Some human pathogen bacteria are hard to treat since they are resistant towards the currently used antibiotics. The beta-lactam family of antibiotics are the most widely used anti-bacterial agents to combat infections, and it includes penicillin and carbapenems among others. The most frequent resistant mechanism is the presence of enzymes (beta-lactamases) that cleave the antibiotic rendering the antibiotic inactive.
The focus in this project is to establish a highly interdisciplinary team of Indian and Norwegian experts, where we will develop novel inhibitors towards the enzymes the beta-lactamases. This inhibitor can be further be used together with the currently used beta-lactam drugs in a combination. This combination therapy will prolong the lifetime of our currently used beta-lactam drugs, and is one way of fighting the rapidly growing number of antibiotic resistance bacteria.
In India we have screen a big library and identified one inhibitor that is synthetized in bigger amounts in Norway. This inhibitor will now be tested in more cell based assays (India) and in biochemical assays (in Norway) to confirm the effect and determine the inhibitor potential towards other enzymes. Docking has identified a possible binding pocket.
We have bought a commercial library (1814 molecules) were India have identified 2 hits with cell based assays. The last commercially available inhibitors (Avibactam, Relebactam og Zidebactam) are now included in the inhibitor characterization for comparison and as positive controls. Our last results show one hit inhibitor against a metallo-beta-lactamase and improved inhibitors towards KPC.
This interdisciplinary project done in Norway and in India, where we have performed structure based inhibitor design, organic synthesis of improved Phenylboronic acid inhibitors that are found to be have better inhibitor efficacy to a serine beta lactamase enzyme. We have screening a big library and identified one inhibitor that is synthetized in bigger amounts in Norway. Unfortunately, this particular re-synthetized inhibitor did not show sufficient inhibitor effects in our experiments.
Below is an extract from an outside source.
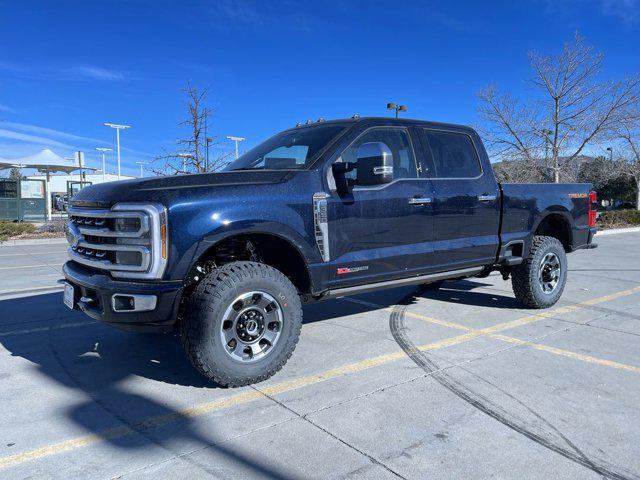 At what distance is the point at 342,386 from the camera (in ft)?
12.0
We have also identified a new promising inhibitor towards the hard to hit metallo-beta-lactamase NDM. The inhibitor has been investigated in a mice pneumonia model, to find the in vivo efficacy in combination meropenem. Here more work is needed to draw a final conclusion.
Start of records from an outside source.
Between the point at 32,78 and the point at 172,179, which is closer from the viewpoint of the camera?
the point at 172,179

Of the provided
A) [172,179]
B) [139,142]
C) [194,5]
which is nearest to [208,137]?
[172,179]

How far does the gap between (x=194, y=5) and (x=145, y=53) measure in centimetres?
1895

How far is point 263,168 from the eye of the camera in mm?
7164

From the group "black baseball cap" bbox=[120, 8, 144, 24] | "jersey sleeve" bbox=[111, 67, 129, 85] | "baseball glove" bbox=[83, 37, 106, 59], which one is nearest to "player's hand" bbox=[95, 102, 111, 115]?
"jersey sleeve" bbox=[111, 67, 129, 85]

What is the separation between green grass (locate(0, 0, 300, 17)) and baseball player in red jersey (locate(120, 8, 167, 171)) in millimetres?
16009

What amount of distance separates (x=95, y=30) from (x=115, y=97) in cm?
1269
Why: Carbapenemase producing Gram-negative pathogens are associated with significant mortality and morbidity due to few options for diagnosis and treatment. The serine- based carbapenemases OXA-48 and KPC-2 are emerging in several clinical relevant pathogens.
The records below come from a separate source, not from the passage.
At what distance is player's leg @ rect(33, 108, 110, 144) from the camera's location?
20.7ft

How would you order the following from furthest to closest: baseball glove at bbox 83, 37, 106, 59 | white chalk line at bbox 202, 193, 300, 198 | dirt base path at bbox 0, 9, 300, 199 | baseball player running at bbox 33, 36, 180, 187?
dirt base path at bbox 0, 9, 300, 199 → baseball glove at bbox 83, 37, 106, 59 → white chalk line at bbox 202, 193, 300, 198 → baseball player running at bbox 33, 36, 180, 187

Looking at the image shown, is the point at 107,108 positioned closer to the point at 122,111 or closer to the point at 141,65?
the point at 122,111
What: We will focus on the development of inhibitors towards carbapenemases OXA-48 and KPC-2 harboring pathogens. By the establishment of a highly interdisciplinary team of Indian and Norwegian experts, we will develop novel inhibitors based on small molecules that can be used as adjuvants to re-potentiate carbapenem antibiotics. This combination therapy will prolong the lifetime of our currently used beta-lactam drugs.
How: This project will provide novel carbapenemase selective inhibitors by screening small molecule library towards pure OXA-48 and KPC-2; and synthesis of improved inhibitors. All binders will be subjected for their inhibitory potential in cell based (in India) and biochemical assays (in Norway). Binders with inhibitory activities will be subjected to crystallographic studies to understand their binding at the atomic level. The structural data will be used in a structure-guided drug design, and especially the structure-guided inhibitor design will be a very high importance aspect of the project. Developed inhibitors will be analysed by pharmacodynamics time-kill assays, toxicity and efficacy in mice models.
Our interdisciplinary team will be highly suited for the described project with expertise in synthetic biology, chemical genetics, cell biology, organic synthesis and structural biology.